Day Twenty-Nine Recap


“And you know, when the truth is told, that you can get what you want or you can just get old.” ~Billy Joel

July 6—Happy birthday, Rob!

We left Sage Creek Campground (aka Woodstock) and hit the road for Albert Lea, Minnesota. On the drive out of the park, we saw a TON of wild bison, including a huge male that suddenly appeared ten feet from my vehicle window as it crested a rise next to the road. That was a rush. After the early excitement, though, I slept for a lot of the day’s driving. The road often completely mesmerizes my brain: highway hypnosis. I have to fight it when driving, but when I’m a passenger it takes over and stupefies me.

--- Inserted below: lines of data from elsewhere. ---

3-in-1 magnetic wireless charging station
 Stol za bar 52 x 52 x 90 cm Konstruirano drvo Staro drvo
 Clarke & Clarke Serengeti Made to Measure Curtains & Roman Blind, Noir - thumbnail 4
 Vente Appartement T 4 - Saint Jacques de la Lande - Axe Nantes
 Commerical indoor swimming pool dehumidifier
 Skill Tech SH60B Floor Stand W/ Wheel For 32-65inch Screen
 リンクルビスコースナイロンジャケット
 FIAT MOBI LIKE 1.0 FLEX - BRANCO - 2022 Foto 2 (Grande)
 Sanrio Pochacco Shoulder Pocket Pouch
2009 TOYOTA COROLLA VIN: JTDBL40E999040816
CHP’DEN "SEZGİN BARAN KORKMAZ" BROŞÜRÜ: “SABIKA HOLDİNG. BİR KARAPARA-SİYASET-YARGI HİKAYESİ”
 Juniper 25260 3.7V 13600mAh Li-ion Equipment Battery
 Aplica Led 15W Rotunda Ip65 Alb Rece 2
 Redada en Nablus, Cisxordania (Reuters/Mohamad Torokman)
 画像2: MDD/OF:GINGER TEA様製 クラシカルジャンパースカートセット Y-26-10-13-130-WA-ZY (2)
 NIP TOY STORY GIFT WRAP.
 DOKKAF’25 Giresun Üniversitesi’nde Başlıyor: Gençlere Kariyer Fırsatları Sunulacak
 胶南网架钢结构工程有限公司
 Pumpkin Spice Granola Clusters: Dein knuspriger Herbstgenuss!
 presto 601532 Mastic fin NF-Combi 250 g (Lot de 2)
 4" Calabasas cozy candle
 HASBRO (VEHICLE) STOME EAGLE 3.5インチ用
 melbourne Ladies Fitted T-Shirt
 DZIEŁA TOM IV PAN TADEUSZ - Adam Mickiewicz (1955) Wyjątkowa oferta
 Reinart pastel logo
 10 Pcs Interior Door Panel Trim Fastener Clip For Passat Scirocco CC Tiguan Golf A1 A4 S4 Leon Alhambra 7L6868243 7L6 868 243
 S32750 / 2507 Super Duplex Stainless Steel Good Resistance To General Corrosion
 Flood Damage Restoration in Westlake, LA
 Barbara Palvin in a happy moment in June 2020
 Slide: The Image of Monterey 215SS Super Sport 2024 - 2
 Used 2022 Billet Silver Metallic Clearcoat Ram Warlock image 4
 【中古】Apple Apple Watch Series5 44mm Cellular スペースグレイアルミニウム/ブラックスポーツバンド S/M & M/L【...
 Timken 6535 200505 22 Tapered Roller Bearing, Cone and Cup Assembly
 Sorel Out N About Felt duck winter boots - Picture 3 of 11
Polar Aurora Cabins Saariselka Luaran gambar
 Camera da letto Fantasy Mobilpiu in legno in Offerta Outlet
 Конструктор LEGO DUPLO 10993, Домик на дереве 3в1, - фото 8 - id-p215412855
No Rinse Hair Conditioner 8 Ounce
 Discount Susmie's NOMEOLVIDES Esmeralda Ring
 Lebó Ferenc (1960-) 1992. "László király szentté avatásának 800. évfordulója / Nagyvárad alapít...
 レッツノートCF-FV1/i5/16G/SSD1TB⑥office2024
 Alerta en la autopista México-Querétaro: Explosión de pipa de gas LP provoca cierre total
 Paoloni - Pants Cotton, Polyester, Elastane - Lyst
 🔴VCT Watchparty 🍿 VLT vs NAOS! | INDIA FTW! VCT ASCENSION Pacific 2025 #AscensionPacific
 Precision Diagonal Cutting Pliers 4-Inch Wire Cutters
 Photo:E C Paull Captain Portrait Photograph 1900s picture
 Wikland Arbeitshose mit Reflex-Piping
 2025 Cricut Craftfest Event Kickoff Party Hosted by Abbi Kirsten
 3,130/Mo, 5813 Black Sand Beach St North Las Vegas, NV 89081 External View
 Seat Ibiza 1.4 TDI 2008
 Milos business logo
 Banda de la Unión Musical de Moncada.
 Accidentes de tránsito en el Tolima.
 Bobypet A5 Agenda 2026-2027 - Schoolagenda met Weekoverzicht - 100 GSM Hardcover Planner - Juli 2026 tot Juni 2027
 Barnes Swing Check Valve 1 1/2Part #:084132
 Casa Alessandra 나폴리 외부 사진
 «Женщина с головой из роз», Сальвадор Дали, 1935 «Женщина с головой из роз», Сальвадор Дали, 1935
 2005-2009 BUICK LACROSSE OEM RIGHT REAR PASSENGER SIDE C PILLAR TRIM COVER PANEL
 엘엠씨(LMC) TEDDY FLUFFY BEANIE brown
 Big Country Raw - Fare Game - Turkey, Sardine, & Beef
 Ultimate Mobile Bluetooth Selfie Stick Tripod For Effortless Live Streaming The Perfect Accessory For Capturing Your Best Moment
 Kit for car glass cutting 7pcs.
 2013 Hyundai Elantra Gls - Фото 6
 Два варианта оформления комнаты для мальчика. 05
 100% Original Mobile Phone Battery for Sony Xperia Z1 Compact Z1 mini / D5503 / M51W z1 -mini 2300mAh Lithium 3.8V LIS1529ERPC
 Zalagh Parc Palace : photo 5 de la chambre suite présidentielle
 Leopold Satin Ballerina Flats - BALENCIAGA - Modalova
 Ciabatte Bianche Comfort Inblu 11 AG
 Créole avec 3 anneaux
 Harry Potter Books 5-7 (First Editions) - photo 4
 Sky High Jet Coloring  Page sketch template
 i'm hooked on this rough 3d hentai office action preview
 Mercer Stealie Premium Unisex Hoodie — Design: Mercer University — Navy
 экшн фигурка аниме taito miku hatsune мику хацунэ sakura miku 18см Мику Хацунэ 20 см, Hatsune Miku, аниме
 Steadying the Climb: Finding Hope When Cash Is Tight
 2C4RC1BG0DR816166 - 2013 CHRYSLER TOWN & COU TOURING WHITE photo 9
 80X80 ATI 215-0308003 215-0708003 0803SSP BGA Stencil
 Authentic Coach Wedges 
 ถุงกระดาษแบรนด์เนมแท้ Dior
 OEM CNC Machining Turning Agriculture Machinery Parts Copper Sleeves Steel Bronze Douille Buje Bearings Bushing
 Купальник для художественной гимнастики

I was sad watching the hills turn to flatlands: the day after Christmas, when all the presents are opened. In Minnesota, I thought about my grandmother Lavinia growing up in Lakefield. She got the nickname “Minnow” because she could swim in the coldest lakes for hours without getting chilled or tired. Her grandparents owned a dairy farm (she loved buttermilk all her life) and her parents owned  the town pharmacy (her father was the pharmacist) which included a lunch counter/soda fountain (run by my great-grandmother who also taught piano lessons). She took great pride in the fact that her father got shunned by the local Episcopal church crowd when he applied for the first liquor license in the county. She also remembered a crowd hanging a stuffed strawman of Kaiser Wilhelm between the pharmacy and the shop next door and burning him in effigy at the start of WWI.

Albert Lea, MN KOA

Albert Lea, MN KOA

At 6pm (Day 29) we crossed the 5,000 mile mark—and Len has driven every single one of them, except for that fifty feet or so that I drove so he could listen to the bearing/brakes squeal in the Rawlins Tractor Guys parking lot. This 5,000-mile mark is also roughly when he began a slow tailspin of quiet rage (the male version of a meltdown). Suddenly everything became frustrating, difficult, awkward, painful, and rage-inducing. The trailer didn’t want to park correctly, his favorite flashlight went missing, he barked his shins on the hitch, and the road, in other words, just generally sucked. The fact that we are headed home, back to reality, was surely part of it, but there really is a point at which it gets OLD living like a refugee, carrying everything with you, picking up stakes and moving every day, trying to keep track of where you are, where you’re going, and what you need to do in order to get there. No matter how beautiful the scenery, no matter how interesting the history, no matter how fun the adventure, the pressure builds until…

She's Gonna Blow!

She’s Gonna Blow!

Things I’ve learned (so far) about long trips in the trailer:

  • We didn’t need nearly as much expedition-type food as I stocked. We’re actually going home with a lot of what we brought (some frozen, some dried). We only ate a PB&J once. It was just easier to grab a protein bar or cheese stick for lunch.
  • The one-month Sirius Satellite radio subscription we forgot about and barely used.
  • Cooking outside when it’s 90 degrees or above is like preparing food in the Devil’s Kitchen.
  • Swamp cooling really does work and all it requires is a damp cloth and a breeze.
  • I didn’t need anywhere near the amount of clothes I packed. We spent days in a row in variations of the same clothing when we were out in the wilderness and when we came back in to civilization we mostly just washed those dirty clothes and put them back on.
  • Len only wore two of his three watches. I wore my one pair of earrings every single day.
  • Being on the road gets easier … up to a point, and then it tips and suddenly everything seems hard again. 30 days on the road with 25 different sleep spots is definitely a more aggressive travel plan than we’ll want to execute in the future. As with most things, you plan them in the comfort of your home, sitting on your soft couch and dreaming of the road, assuming a much greater future energy store than reality bears out.
  • Plan a little extra time for a minor meltdown every seven days or so. Be pleasantly surprised if it doesn’t occur.
  • Don’t overestimate the amount of writing work that can be accomplished on the road. In reality, it’s pretty small. But take good notes and store up experiences that will seep into future writing.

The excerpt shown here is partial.